Lebih lanjut, perlakuan perpajakan di kawasan berikat tidak hanya memberikan keistimewaan pada saat pemasukan barang atau bahan baku, tetapi juga pada beberapa aktivitas pengeluaran dari kawasan berikat. Misalnya, pengeluaran hasil produk kawasan berikat yang menggunakan bahan baku dari tempat lain dalam daerah pabean dan dikirim ke kawasan berikat lain, serta pengeluaran bahan penolong, tidak dikenakan PPN dan PPnBM. Fasilitasi ini bertujuan untuk memperlancar proses produksi dan distribusi barang antarkawasan berikat dan industri terkait, serta mendukung efisiensi dan efektivitas operasional perusahaan di kawasan berikat.

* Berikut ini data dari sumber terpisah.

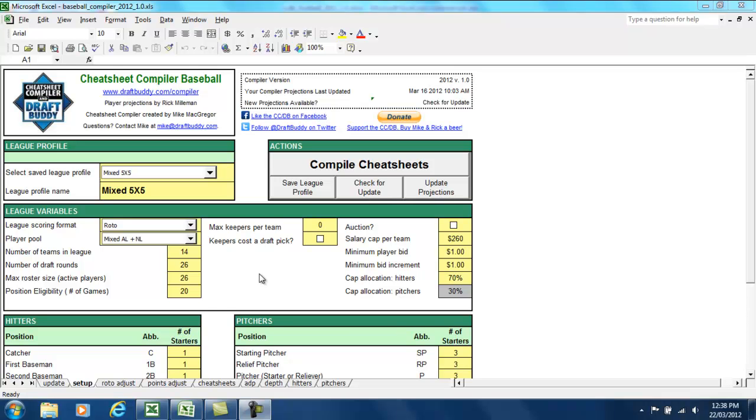Hi, it's Mike again from DraftBuddy.com, showcasing the Chi-Chi compiler in DraftBuddy for Fantasy Baseball, and we also have Fantasy Football.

Ketentuan perpajakan yang difasilitasi untuk kawasan berikat ini merupakan bagian penting dalam mendukung industri dan perdagangan di Indonesia. Dengan adanya kebijakan ini, diharapkan dapat menarik lebih banyak investor dan meningkatkan kompetitivitas produk Indonesia di pasar global. Kemudahan perpajakan seperti ini memungkinkan perusahaan beroperasi dengan lebih efisien, mengurangi beban pajak, dan mempercepat proses ekspor-impor barang. Selain itu, kebijakan ini juga memberikan dorongan bagi perusahaan untuk menggunakan bahan baku lokal, yang pada gilirannya dapat memajukan industri dalam negeri dan mengurangi ketergantungan pada impor.